Não é só uma questão moral, há problemas de legalidade na importação do Rolls Royce

EDITORIAL

Estão a brincar com a nossa inteligência, com direito a lavandarias de imagem. Estão a ridicularizar a indignação pública, a negar-nos o direito de questionar e a tentar confundir-nos.

O afortunado empresário Salimo Abdula importou, em Dezembro, uma viatura Rolls Royce que, apesar de ter custado 25 milhões de meticais, pagou apenas 1559 meticais ao Estado. Sim, somente uns míseros 1559, beneficiando-se de uma estranha isenção de pagamento de direitos aduaneiros na totalidade, no mesmo Estado em que importar um dubaizinho chega a custar os olhos da cara ao pacato cidadão, que por vezes chega a pagar aproximadamente 100% do valor da compra em direitos e demais imposições aduaneiras.

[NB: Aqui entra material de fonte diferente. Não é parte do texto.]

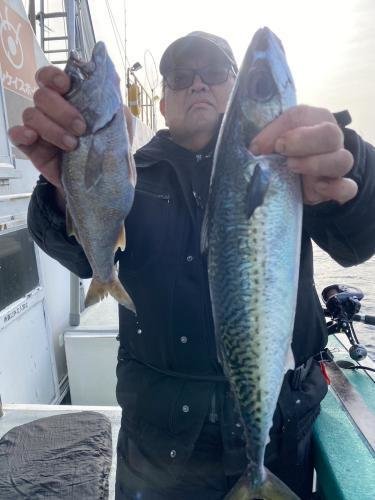 アジ(マアジ)・クロムツ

Sem a intervenção bondosa do Estado, o empresário devia ter pago cerca de 12 milhões aos cofres do Estado. A postura do Governo, que tem apertado o cerco quando se trata dos mais fracos, criou uma onda de indignação no seio dos moçambicanos que apontam que, afinal, existem filhos e enteados na “pátria amada”.

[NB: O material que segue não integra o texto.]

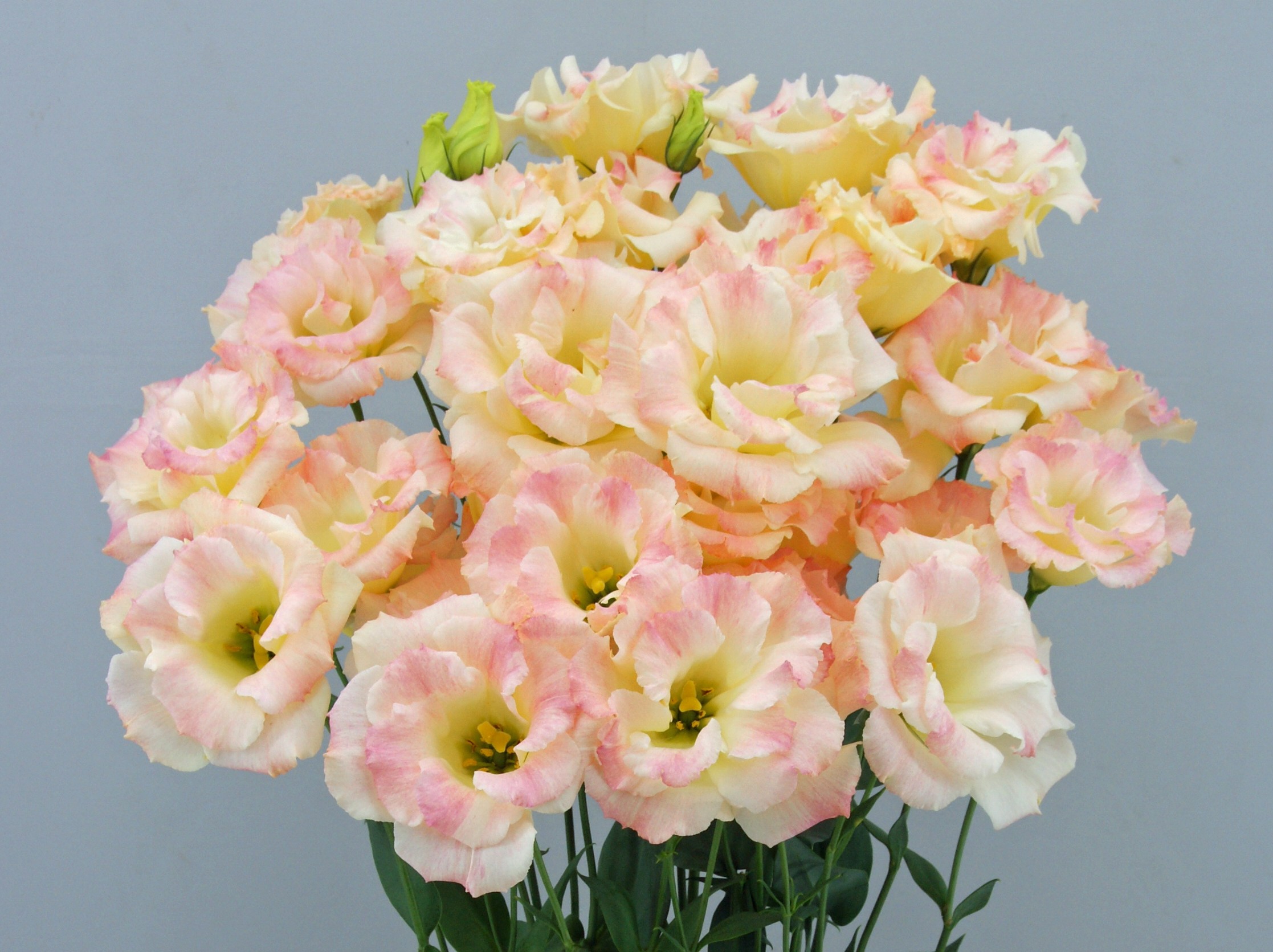 F10-943 Megalo 2 Champagne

Tirando as trapalhadas dos que tentam insanamente limpar a imagem do empresário, não se sabe a troco de quê, o que vemos é o resultado claro e cristalino que Salimo Abdula foi o beneficiário de uma isenção com contornos promíscuos e de máxima expressão de um Estado forte para com os fracos e brando para com os fortes.

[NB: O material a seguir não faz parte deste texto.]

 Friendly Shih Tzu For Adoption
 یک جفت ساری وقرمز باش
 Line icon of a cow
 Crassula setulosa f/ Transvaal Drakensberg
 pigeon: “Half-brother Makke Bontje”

Documentos vazados com objectivo claro de distanciar o Rolls Royce de Florindo Nyusi que as redes sociais o associavam a viatura, apontam que a isenção é usufruto do direito e regalia do deputado concedido em 2015. O documento tenta informar aos moçambicanos que, de 1994 a esta parte, Salimo Abdula, dono de uma frota invejável de brinquedos de luxo que ele e seus filhos fazem passear na cidade, não importou qualquer viatura e guardou o seu direito e regalia de isenção de importar uma única viatura por mais de duas décadas, para, chegados 28 anos depois, colocar a sua luxuosa Rolls Royce nas estradas de Maputo. Tudo bem, é mesmo um homem de visão!

Mas, porque quem mente se perde, os mensageiros dos bons ofícios de lavagem de imagem perdem-se em argumentos e chegam, eles próprios, a se confundir ao sugerirem que a viatura importada com uma “imaculada” isenção de deputado de primeira legislatura, no século passado, antes da era 2000, concretamente entre 1994-1999, afinal, é para ser usada na qualidade de Cônsul da Malásia, com matrícula amarela e tudo. Uma cartola bem tirada num País de incautos, não é!?

Trata-se de uma mentirinha prontamente desmentida pela Autoridade Tributária que, através de um despacho exarado pelo director geral das Alfândegas, Taurai Tsama, tentou explicar os contornos da promiscuidade, adiantando que se tratou da obediência ao pedido da Assembleia da República que argumenta, na sua declaração, que esta foi atribuída no âmbito de usufruto de direito e regalia como deputado.

Um outro facto que concorre para indiciar uma relação promíscua entre o Estado e Salimo Abdula é o facto do primeiro ter dado 100% de isenções a uma viatura cujas características ultrapassam o tecto definido no Estatuto, Segurança e Previdência do Deputado aprovado pela nr 31/2014, de 30 de Dezembro. É que a lei só permite a aquisição duma viatura até 4500 cc3. No caso do Rolls Royce estamos diante de uma cilindrada bastante superior. Em média, uma Rolls Royce tem motor V12 e com 6592 cc3. Nos casos em que a cilindrada é maior, o Estado não atribui a isenção a 100% por cento, o que não foi o caso do sortudo do Salimo Abdula.

Claramente, estamos perante um problema moral, de um Governo que vai se superando em escândalos que expõem a promiscuidade entre o Executivo e os empresários que vivem nas tetas do Estado. Mais do que isso, estamos perante um atropelo a Lei, o que significa que não é apenas um problema de Estado, mas do próprio Salimo Abdula, que se aproveitou da sua relação promíscua com o Estado para fazer vista grossa a legislação. Este é o cumprimento em pleno da receita para empobrecer um país e asfixiar os fracos.